### Information shown
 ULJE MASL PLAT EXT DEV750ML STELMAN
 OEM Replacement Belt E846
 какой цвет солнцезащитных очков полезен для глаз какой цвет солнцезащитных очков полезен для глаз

### Your objective
Please reproduce the whole listing exactly, omitting no line.

### Answer to this exercise
 ULJE MASL PLAT EXT DEV750ML STELMAN
 OEM Replacement Belt E846
 какой цвет солнцезащитных очков полезен для глаз какой цвет солнцезащитных очков полезен для глаз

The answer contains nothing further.